Exercise details – Look in the listing below for the line that has "DIOR Size 34", then return it and each following line up to and including the one with "Pouf Zeno velluto menta - bordo ottanio", exactly and without pictures.

Material supplied –
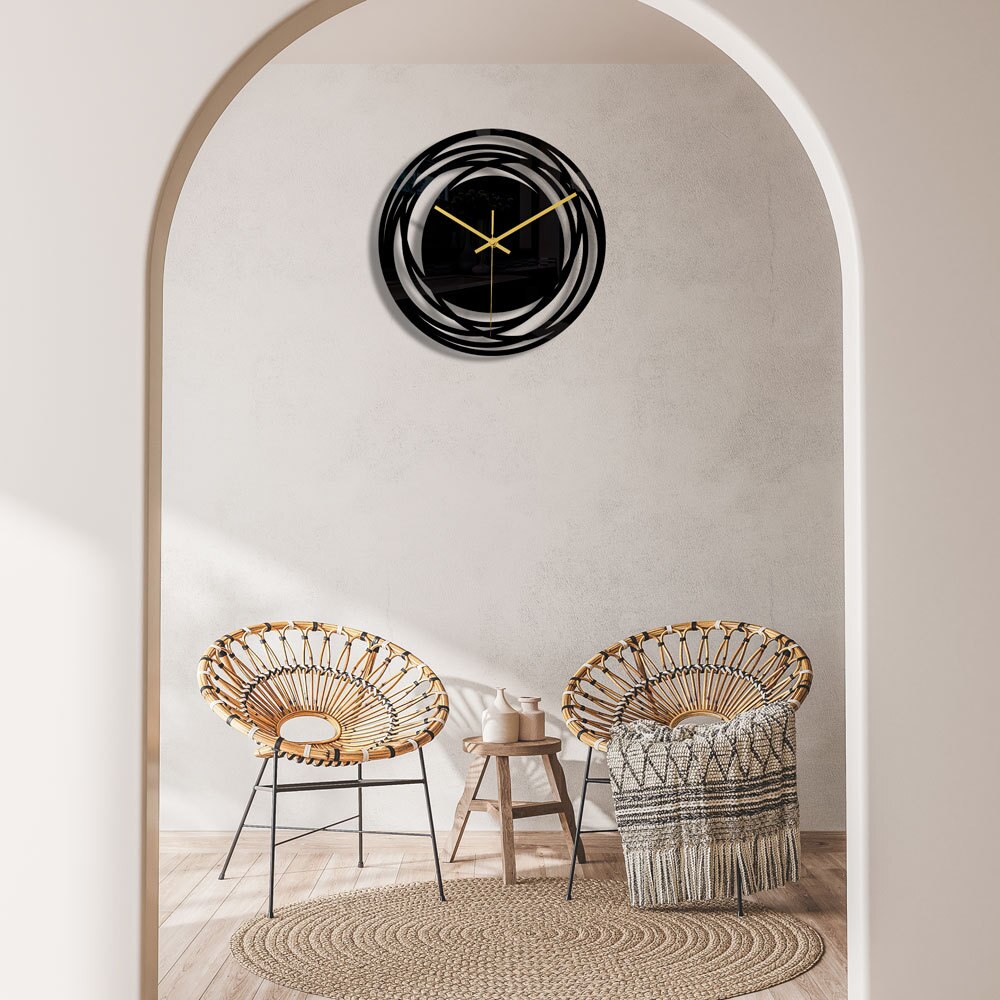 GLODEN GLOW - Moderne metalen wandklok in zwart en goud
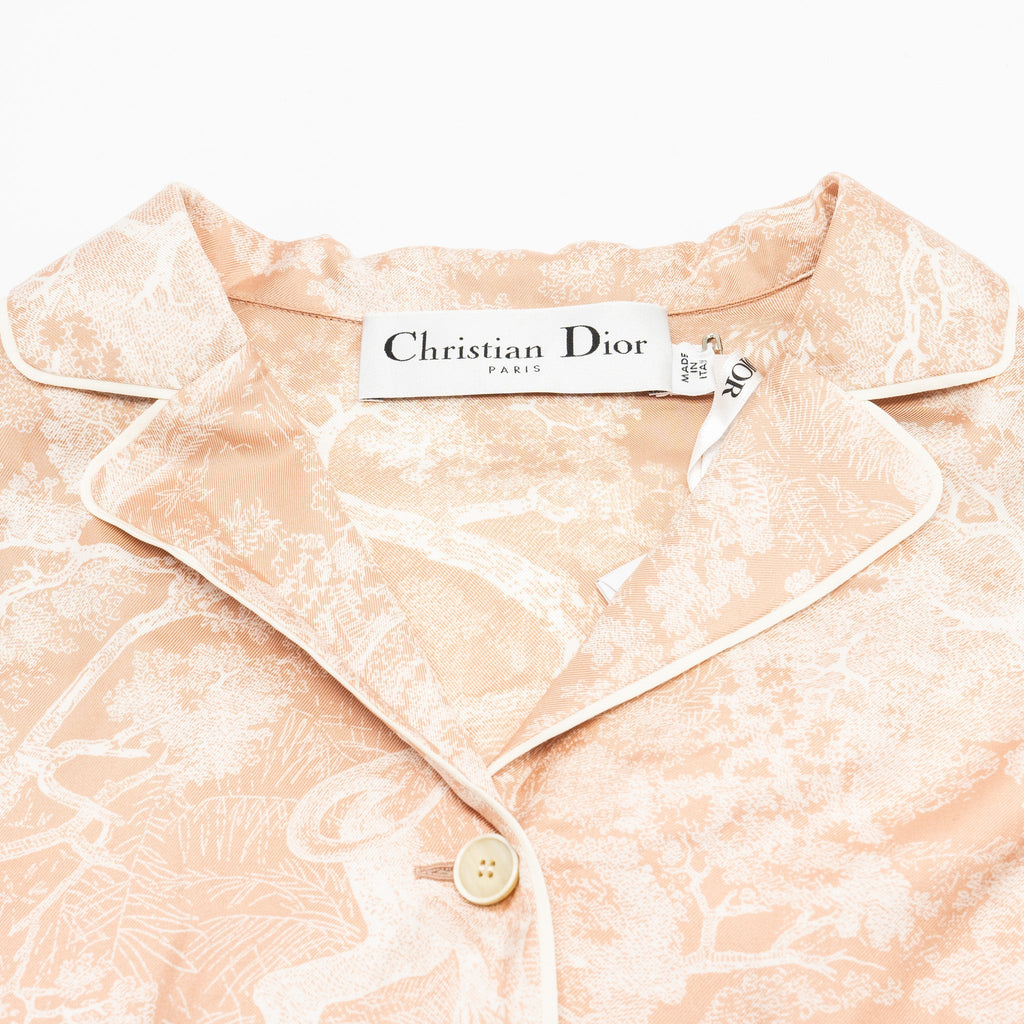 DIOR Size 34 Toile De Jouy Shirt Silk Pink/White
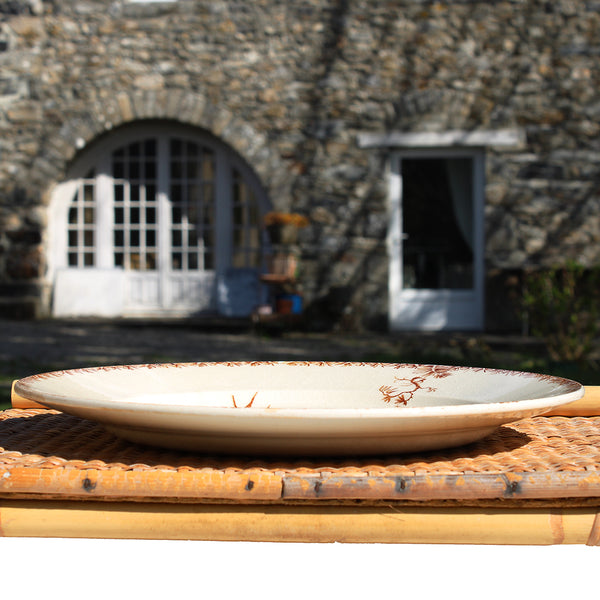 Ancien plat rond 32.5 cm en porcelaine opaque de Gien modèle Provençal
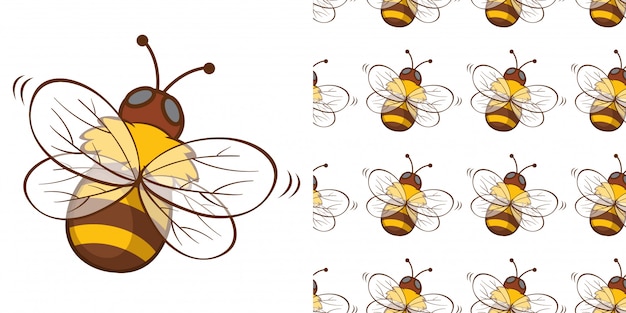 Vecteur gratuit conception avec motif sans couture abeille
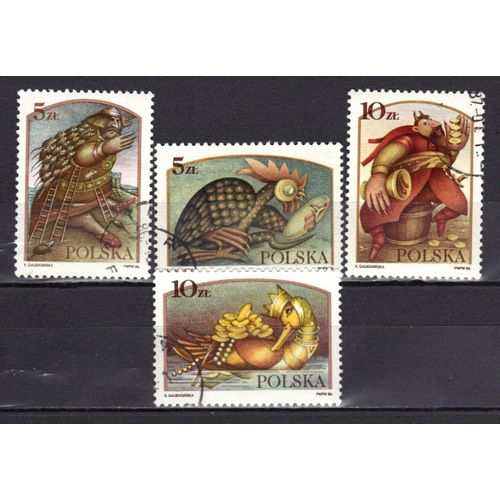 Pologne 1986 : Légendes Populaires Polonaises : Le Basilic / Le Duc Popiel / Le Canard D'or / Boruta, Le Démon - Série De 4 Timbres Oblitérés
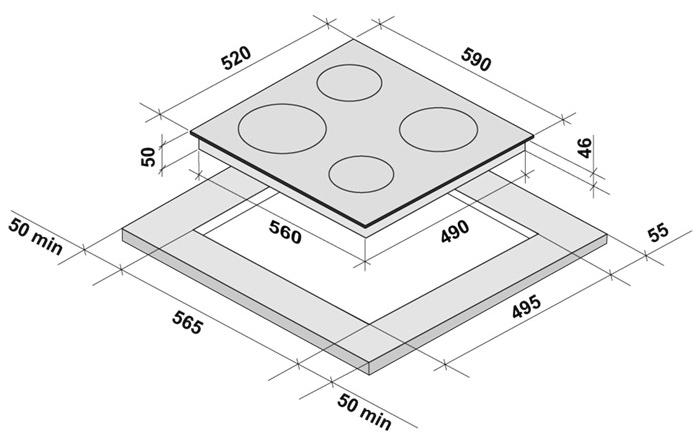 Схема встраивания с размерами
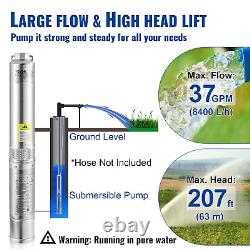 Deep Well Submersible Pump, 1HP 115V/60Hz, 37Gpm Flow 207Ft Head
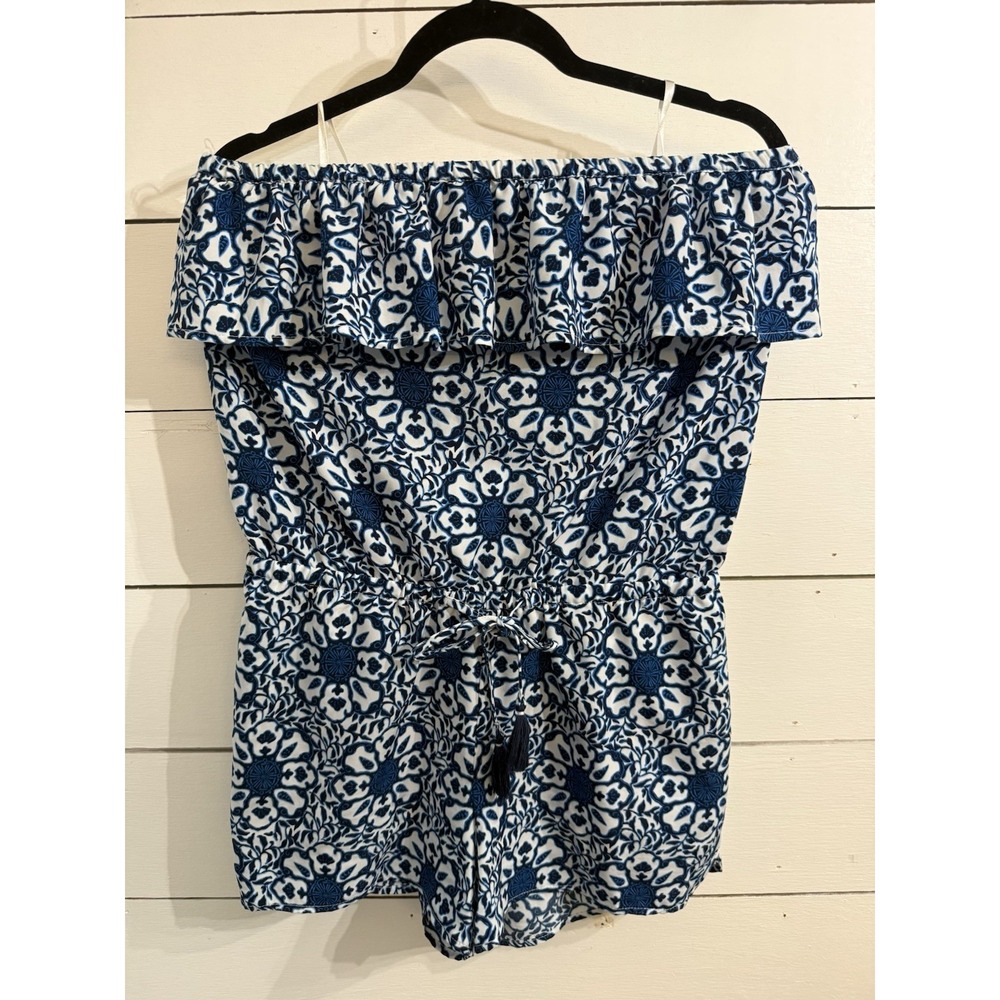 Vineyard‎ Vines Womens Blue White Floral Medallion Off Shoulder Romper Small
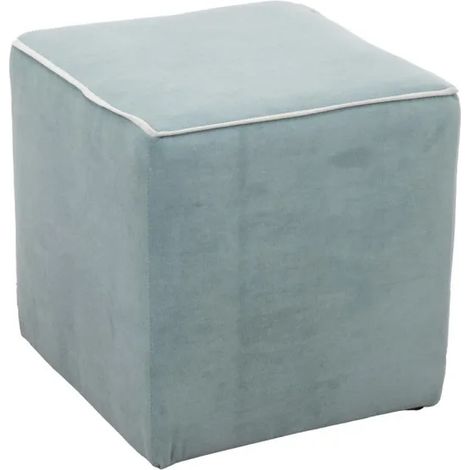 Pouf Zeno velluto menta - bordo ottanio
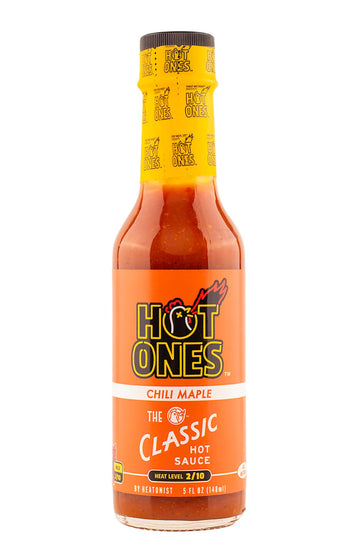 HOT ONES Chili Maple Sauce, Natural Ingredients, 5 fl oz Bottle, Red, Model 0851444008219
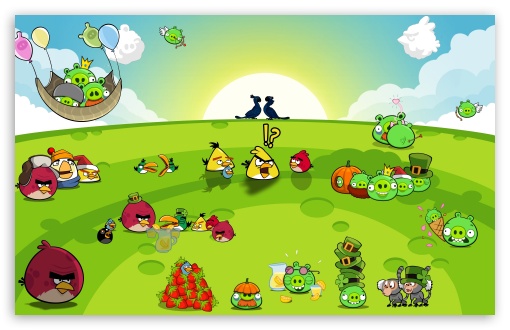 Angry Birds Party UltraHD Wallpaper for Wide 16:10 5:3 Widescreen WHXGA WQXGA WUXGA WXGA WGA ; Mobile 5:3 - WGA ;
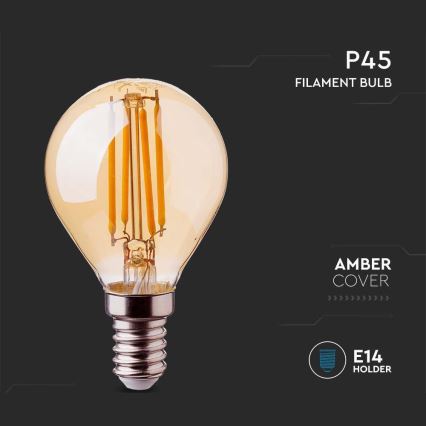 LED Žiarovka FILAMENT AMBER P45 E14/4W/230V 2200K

Answer space –
 DIOR Size 34 Toile De Jouy Shirt Silk Pink/White
 Ancien plat rond 32.5 cm en porcelaine opaque de Gien modèle Provençal
 Vecteur gratuit conception avec motif sans couture abeille
 Pologne 1986 : Légendes Populaires Polonaises : Le Basilic / Le Duc Popiel / Le Canard D'or / Boruta, Le Démon - Série De 4 Timbres Oblitérés
 Схема встраивания с размерами
 Deep Well Submersible Pump, 1HP 115V/60Hz, 37Gpm Flow 207Ft Head
 Vineyard‎ Vines Womens Blue White Floral Medallion Off Shoulder Romper Small
 Pouf Zeno velluto menta - bordo ottanio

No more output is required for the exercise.